**Short descriptive text snippets:**
##############################

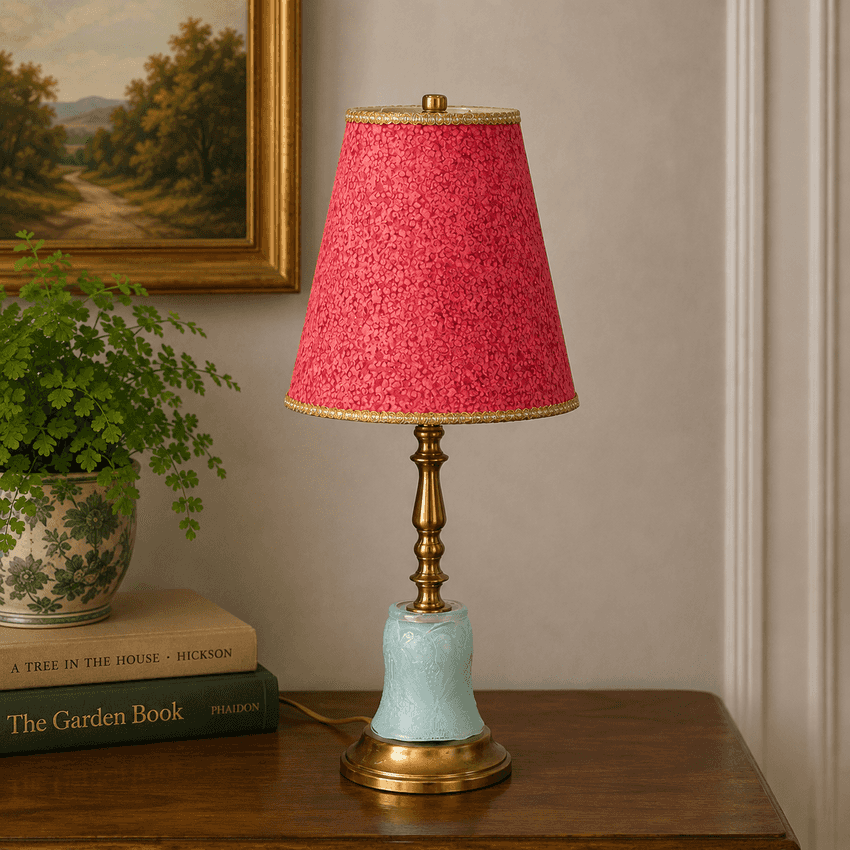 A table lamp with a textured pink shade, a brass-toned stem, and a light blue ceramic base, styled on a wooden table next to a potted plant and books.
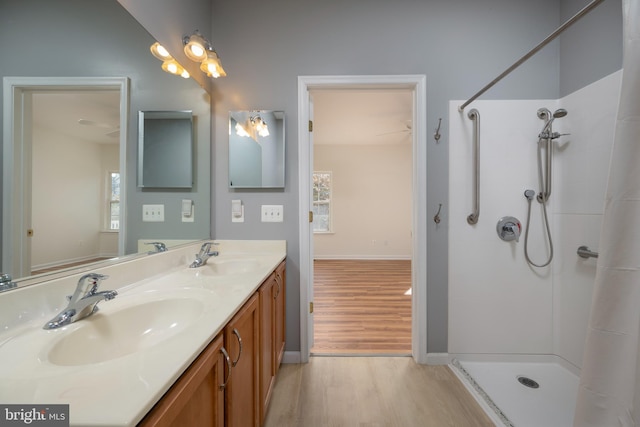 bathroom featuring a tile shower, vanity, and hardwood / wood-style flooring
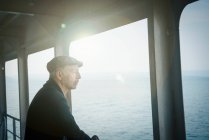 Man on ferry looking away out of window — Stock Photo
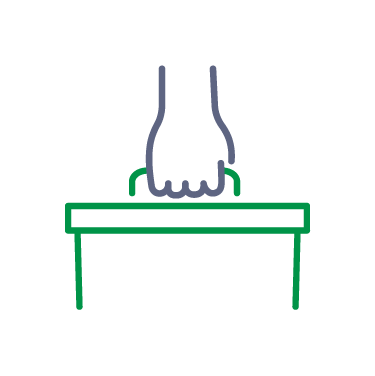 Hand gripping a green and blue vaulting table.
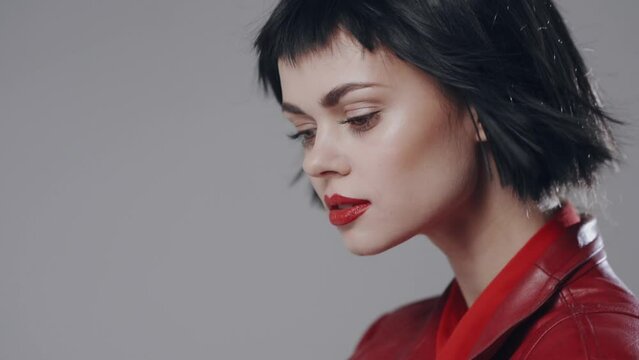 Beauty portrait of a fashion model with beautiful make-up with red lips and in a red cloak moves looking at the camera with her eyes.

##############################

**EXERCISE:** Retype, without any picture, exactly the lines from the one with "Man on ferry" through the end of the entries, inclusive.

**SOLUTION BELOW:**
 Man on ferry looking away out of window — Stock Photo
 Hand gripping a green and blue vaulting table.
 Beauty portrait of a fashion model with beautiful make-up with red lips and in a red cloak moves looking at the camera with her eyes.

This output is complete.